The exhibition includes work by Heather Agyepong, Sonia Boyce, Eliza Hatch, Susan Hiller, Rose Finn-Kelcey, Anna Fox, Rosy Martin (in collaboration with Verity Welstead), Polly Penrose, Jo Spence, and Paloma Tendero, exploring a range of thematic concerns such as:
The Hidden Self: Responses to hidden disabilities, looking at the difference between what is seen on the outside compared with what we are experiencing on the inside.
Trauma: Looking at the physical and psychological effects of trauma, be it transgenerational or ongoing.
Environment: Artists responding to how the environment (the people and places we live in) affect our health and wellbeing.
Care: The important dynamics between carer and cared for.
Running alongside A Picture of Health will be an Artist’s film programme, ‘Look at this skin… it keeps changing’, documenting a range of experiences of wellness, recovery, and ageing by artists including Helen Petts, Vicky Smith and Bristol based mental health charity, Many Minds.
The exhibition is co-curated by creativeShift and Fresh Arts, Bristol’s leading organisations, providing creative wellbeing activities, to adults who are experiencing or are vulnerable to, isolation and mental health challenges.
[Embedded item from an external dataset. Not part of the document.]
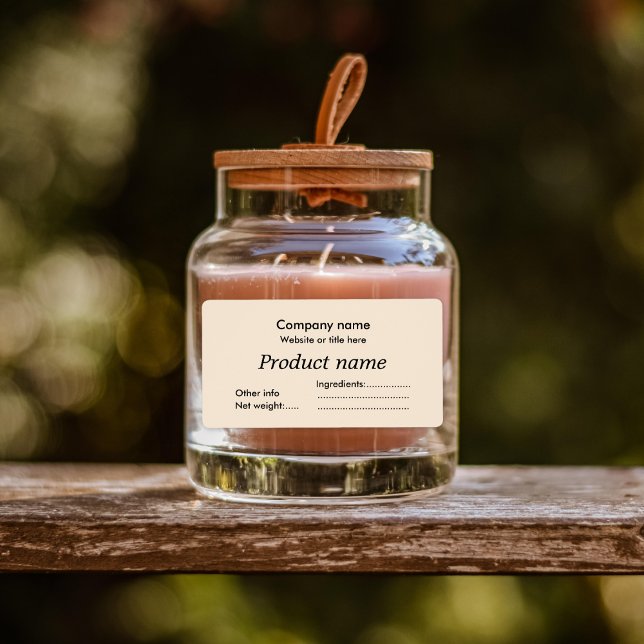 Etiqueta Mínimo bege simples (Criador carregado)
A Picture of Health aims to de-stigmatise subjects around mental health and create an environment in which people can have open conversations about their wellbeing, whilst including the voices of local people with lived experiences of mental health.
About The Hyman Collection
The Hyman Collection is the private collection of Claire and James Hyman, which began in 1996 and consists of over three thousand artworks, from across the world, in a variety of media.
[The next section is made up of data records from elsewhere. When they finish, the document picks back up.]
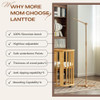 Lanttoe Crib Mobile Arm Wooden Floor Standing - 61 Inches Mobile Arm for Crib|Movable Baby Mobile Hanger|Strong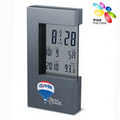 Heavy Zinc Alloy Large Display Digital Clock / Titanium Gray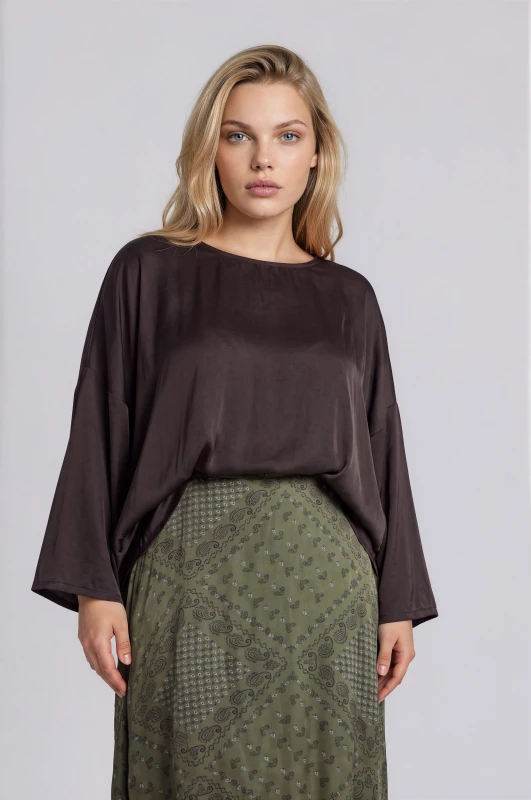 Μπλούζα Σατέν Oversized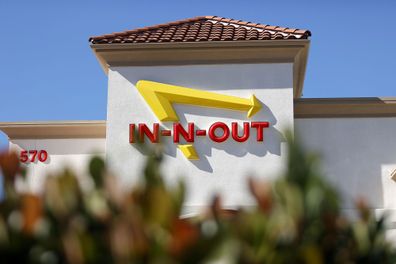 An In-N-Out burger restaurant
In the last fifteen years the collection has focused on international photography, from its origins to the present. In particular, the Hyman Collection seeks to support and promote British photography through acquisitions, commissions, loans and philanthropy. The collection includes artists working in photography as well as documentary, historic and contemporary photographs. It has an equal number of works by male and female artists and seeks, especially, to support the work of contemporary women photographers. In 2020 The Hyman Foundation was set up to support photography in Britain through a variety of philanthropic ventures.